Procès de Christian Tshiwewe : la RDC partie civile

Procès de Christian Tshiwewe : la RDC partie civile

Le jeudi 25 juin 2026, la Haute Cour militaire de Kinshasa a accueilli la deuxième audience du procès qui oppose l’Auditeur général des Forces armées de la République démocratique du Congo (FARDC) au général d’armée Christian Tshiwewe, ancien chef d’état-major général, ainsi qu’à plusieurs coaccusés. L’audience, ouverte dès les premières heures de la journée, a rapidement pris une tournure juridique majeure : la République démocratique du Congo a officiellement déclaré son statut de partie civile.

Cette décision a été formalisée devant la Cour par Me Jean Mupira, avocat inscrit au barreau de Kinshasa/Gombe. En plein cœur de la séance, l’avocat a présenté les pièces nécessaires et a accompli les formalités requises pour que l’État congolais puisse se placer du côté des victimes et solliciter des réparations pour les préjudices qu’il estime avoir subis dans le cadre de l’affaire.

L’intervention de Me Mupira a été concise mais décisive. Il a rappelé que la Constitution et le code de procédure militaire permettent à l’État de se constituer partie civile lorsqu’il estime que les faits reprochés portent atteinte à ses intérêts ou à son patrimoine. En se déclarant partie civile, la RDC vise à obtenir une indemnisation financière ainsi qu’une reconnaissance officielle des dommages allégués.

Le procès, déjà engagé depuis plusieurs mois, porte sur une série d’allégations formulées par l’Auditeur général des FARDC à l’encontre du général Tshiwewe et de ses coaccusés. Les faits reprochés n’ont pas été détaillés dans le compte rendu de l’audience, mais la présence de l’Auditeur général indique que les questions soulevées relèvent de la responsabilité et de la gestion des forces armées.

Le décor de la salle d’audience était solennel.

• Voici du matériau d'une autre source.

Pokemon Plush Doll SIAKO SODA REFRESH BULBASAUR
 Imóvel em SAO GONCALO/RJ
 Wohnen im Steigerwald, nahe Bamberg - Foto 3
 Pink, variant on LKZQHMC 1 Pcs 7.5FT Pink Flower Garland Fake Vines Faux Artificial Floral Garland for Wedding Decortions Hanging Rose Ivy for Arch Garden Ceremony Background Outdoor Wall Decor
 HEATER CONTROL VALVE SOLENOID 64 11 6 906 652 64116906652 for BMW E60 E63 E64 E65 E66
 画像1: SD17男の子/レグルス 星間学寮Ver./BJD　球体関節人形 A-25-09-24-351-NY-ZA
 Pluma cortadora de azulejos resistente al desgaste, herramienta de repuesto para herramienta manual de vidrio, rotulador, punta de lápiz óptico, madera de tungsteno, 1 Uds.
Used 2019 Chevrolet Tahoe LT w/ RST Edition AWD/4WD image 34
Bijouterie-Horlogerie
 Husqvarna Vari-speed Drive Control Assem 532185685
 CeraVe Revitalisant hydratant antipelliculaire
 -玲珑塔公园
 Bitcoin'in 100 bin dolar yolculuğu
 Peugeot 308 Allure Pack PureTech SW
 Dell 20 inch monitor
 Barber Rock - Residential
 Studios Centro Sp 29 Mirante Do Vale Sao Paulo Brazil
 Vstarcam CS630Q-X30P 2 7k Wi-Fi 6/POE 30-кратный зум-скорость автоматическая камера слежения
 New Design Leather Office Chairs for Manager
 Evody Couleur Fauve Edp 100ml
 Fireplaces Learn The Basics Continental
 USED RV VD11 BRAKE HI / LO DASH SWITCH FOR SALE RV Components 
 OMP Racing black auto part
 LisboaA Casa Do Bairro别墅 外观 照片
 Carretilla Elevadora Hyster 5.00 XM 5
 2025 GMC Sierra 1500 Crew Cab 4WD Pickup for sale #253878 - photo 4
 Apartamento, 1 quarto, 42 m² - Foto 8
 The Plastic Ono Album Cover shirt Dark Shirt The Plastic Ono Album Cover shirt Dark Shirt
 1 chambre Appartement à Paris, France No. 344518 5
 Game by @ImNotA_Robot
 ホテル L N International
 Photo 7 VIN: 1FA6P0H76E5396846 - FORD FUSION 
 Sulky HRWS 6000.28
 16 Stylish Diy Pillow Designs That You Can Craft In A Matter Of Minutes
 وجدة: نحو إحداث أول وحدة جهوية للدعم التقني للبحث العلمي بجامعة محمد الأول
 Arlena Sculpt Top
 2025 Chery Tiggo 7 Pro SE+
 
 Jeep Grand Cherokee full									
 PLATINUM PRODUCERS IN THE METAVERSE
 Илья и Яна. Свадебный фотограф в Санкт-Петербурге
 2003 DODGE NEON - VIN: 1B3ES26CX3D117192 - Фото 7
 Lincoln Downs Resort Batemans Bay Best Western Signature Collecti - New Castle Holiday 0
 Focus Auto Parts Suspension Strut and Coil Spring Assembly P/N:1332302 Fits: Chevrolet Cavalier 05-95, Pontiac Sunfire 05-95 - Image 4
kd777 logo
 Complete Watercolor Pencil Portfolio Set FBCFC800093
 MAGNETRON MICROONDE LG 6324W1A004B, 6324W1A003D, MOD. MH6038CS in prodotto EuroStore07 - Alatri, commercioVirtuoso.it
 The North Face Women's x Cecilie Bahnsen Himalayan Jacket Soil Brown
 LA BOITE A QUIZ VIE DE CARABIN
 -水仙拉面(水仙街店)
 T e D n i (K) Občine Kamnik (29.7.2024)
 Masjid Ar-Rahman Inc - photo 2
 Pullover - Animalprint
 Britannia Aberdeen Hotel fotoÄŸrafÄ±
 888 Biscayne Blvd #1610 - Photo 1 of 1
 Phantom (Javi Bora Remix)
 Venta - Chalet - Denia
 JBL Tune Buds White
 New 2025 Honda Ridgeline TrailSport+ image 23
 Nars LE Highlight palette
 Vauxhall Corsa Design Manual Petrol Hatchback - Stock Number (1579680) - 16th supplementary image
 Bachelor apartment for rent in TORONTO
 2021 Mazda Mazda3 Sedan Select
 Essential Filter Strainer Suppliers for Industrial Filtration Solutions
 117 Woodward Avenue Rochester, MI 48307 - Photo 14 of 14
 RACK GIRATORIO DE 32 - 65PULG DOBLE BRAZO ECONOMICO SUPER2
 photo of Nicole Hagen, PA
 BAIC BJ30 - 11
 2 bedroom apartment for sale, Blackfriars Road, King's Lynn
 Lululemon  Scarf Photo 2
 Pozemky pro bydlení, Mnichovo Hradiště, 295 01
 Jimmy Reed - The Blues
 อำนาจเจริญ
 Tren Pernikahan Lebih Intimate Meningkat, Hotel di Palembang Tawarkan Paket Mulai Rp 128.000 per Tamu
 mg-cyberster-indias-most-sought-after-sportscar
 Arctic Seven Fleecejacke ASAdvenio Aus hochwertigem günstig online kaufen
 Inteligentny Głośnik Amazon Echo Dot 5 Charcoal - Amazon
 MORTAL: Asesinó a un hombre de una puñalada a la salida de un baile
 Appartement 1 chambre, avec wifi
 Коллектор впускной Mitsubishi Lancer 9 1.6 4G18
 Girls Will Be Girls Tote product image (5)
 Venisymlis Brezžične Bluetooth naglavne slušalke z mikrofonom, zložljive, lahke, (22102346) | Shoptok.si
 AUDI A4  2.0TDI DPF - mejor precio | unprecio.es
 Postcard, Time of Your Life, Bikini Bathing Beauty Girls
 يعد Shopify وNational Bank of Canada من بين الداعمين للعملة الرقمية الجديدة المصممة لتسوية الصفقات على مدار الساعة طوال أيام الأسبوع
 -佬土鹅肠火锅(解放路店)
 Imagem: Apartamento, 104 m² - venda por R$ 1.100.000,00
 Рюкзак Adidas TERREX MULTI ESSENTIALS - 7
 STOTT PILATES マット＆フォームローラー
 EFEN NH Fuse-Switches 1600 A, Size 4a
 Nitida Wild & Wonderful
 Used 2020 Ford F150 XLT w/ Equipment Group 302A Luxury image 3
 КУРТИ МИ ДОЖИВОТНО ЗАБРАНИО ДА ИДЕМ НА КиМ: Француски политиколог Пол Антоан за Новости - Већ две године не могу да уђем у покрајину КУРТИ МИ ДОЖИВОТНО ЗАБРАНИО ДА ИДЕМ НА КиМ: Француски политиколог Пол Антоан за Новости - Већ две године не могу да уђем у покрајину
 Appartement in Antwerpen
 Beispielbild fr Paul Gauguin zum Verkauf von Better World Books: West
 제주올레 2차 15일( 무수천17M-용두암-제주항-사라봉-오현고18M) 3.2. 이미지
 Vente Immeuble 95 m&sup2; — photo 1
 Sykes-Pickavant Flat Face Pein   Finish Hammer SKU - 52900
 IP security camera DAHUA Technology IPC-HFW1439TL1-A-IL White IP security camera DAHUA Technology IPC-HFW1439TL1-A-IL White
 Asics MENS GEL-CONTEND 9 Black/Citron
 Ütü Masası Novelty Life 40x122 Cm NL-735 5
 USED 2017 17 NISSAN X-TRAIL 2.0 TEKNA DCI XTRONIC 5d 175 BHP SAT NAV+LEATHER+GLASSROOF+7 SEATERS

Les bancs étaient occupés par des magistrats en tenue militaire, des avocats, des représentants du ministère public et, pour la première fois, des représentants de l’État congolais. Les caméras de presse installées dans la salle ont capté les échanges, témoignant de l’importance médiatique de l’affaire.

Le général Christian Tshiwewe, vêtu de son uniforme, est resté silencieux pendant la déclaration de Me Mupira. Son attitude, observée par les journalistes présents, a laissé entrevoir une posture de défense, sans toutefois révéler de commentaires publics à ce stade du procès.

Après la proclamation de la partie civile, la Cour a rappelé les prochaines étapes de la procédure. Les parties devront déposer leurs pièces complémentaires, et le tribunal fixera une date pour le plaidoyer final. Le juge président de la Haute Cour militaire a souligné que la participation de l’État en tant que partie civile pourrait influencer le calcul des dommages et intérêts, mais que le jugement final dépendrait de l’appréciation des faits et des preuves présentées.

Le déroulement de l’audience a été retransmis en direct sur les chaînes d’information locales, permettant aux citoyens de suivre l’évolution du dossier. La réaction du public, visible sur les réseaux sociaux, a été marquée par un intérêt soutenu pour la question de la responsabilité des hauts gradés militaires et pour la capacité de l’État à défendre ses intérêts devant la justice militaire.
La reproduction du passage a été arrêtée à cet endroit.